Tritiyo Onko Otoeb-Bengali Drama Review

Tritiyo Onko Otoeb-Bengali Drama by Soumitra Chattopadhyay
Tritiyo Onko Otoeb-Bengali Drama by Soumitra Chattopadhyay

August 3, 2010 (CalcuttaTube): “Tritiyo Onkoi Otoeb” is a Bengali play with legendary actor Soumitra Chattopadhyay, Dwijen Banerjee, Poulami Basu in the cast. Read the Calcutta Tube’s review of “Tritiyo Onko Otoeb” written and directed by Soumitra Chatterjee, unfolding the thespian’s journey through life.

So far, my idea of autobiography was limited to literary creations of famous personalities and though I had heard that Soumitra’s “Tritiyo Onko Otoeb” was a biographical approach, I never dreamt this to cross beyond the traditional style of portraying an artist’s life through a complete story, which being enacted by a whole team generally centred the artist in the leading role. But just a few minutes into “Tritiyo Onko Otoeb”, I was shoved out of that impression when I realized that the complete cast of three members jointly portrays the same person and for the remaining one hour or so, the show revealed drama transgressing its regular definition and presenting the finest display of human emotions that remained both composed and supremely professional.

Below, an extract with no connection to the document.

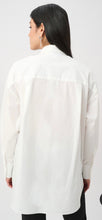 Load image into Gallery viewer, Joseph Ribkoff 263924 Blouse
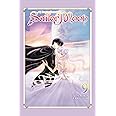 Sailor Moon 9 (Naoko Takeuchi Collection)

Beginning the main theme with a crisp introduction accounting his inability to pen down an autobiography, Soumitra starts recounting events from his younger days that educated him with the various lessons of life – be it his brother’s rationale observing his reckless driving or his father’s rebuke making him wise in the values of life. The audience could sense the artist’s love and respect for the elders even as he recalls the severe punishments of his grandpa when his mother failed to control him.

Not strictly chronological in the earlier part, the play follows the passionate Soumitra as he reminisces the exciting experience with the soldiers of Azad Hind Fauj who were detained by the British troops and soon follows it up with the patriotic fervour that incited him along with his brother and friends to char down the Union Jack at school that nearly caused his expulsion. The Great Famine of Bengal and the awful Direct Action Day that greatly agitated his soul is also recited as each of the incidents revealed humans in their most primal form.

The mood swings to a lighter note as the artist recollects the amusing episode when his prospective brother-in-law managed to persuade him to convince his parents for their consent in their daughter’s marriage. The mood remains the same and the tone continues its graceful form as we peek into the early years of his married life with the narrator shying away, very aptly, from the more personal details – an example of refinement that is fast losing in the work of art.

Those who speak of Satyajit and Soumitra in the same breath will expect entertaining accounts of the director and the actor pertaining to cinema but will find it both surprising and very much intelligent when the actor exemplifies the versatility of the former in recounting the days when Ray tutored him in the details of Western Classical.

He speaks about his major health deteriorations that started with a heart seizure and finally culminated in the dreaded cancer of the prostate but the way he delivers these informations once again celebrates the true artist in him and endorses his self assertion of his control over acting. Throughout the entire narration he never missed an opportunity to acknowledge the support that he got from his family and friends which not only assisted in the making of the artist that he is but also helped alleviate the anxiety chiefly during the early days of his health failures. This seemed to infuse in him the confidence to go along with the laws of nature with a brave face and look forward to creativity in the years to come.

Though Soumitra Chatterjee commands the greater part of the attention but Dwijen Bandyopadhyay is outstanding in his own right and Poulami Basu provides the much needed female support that was so necessary for the entirety of the presentation.

As to the backstage support Badal Das‘s video projection, in synch with the acts, deserves special mention as do his lighting arrangements that was complimented well enough with Bilu Dutta‘s concise set construction and Suchismita Dasgupta‘s fitting costume design.

Dishari Chakaraborty‘s music and Baitalik Shilpi Gosthi‘s songs conducted by Swapan Shom and Debarati Shom were well orchestrated that coordinated suitably with Swapan Banerjee‘s sound mixing.

Thus the theatre lovers are promised a new and charming approach to creativity as “Tritiyo Onko Otoeb” portrays Soumitra Chattopadhyay‘s journey from Krishna Nagar to Golf Green, from being someone very ordinary to an architect of the Bengali artworld.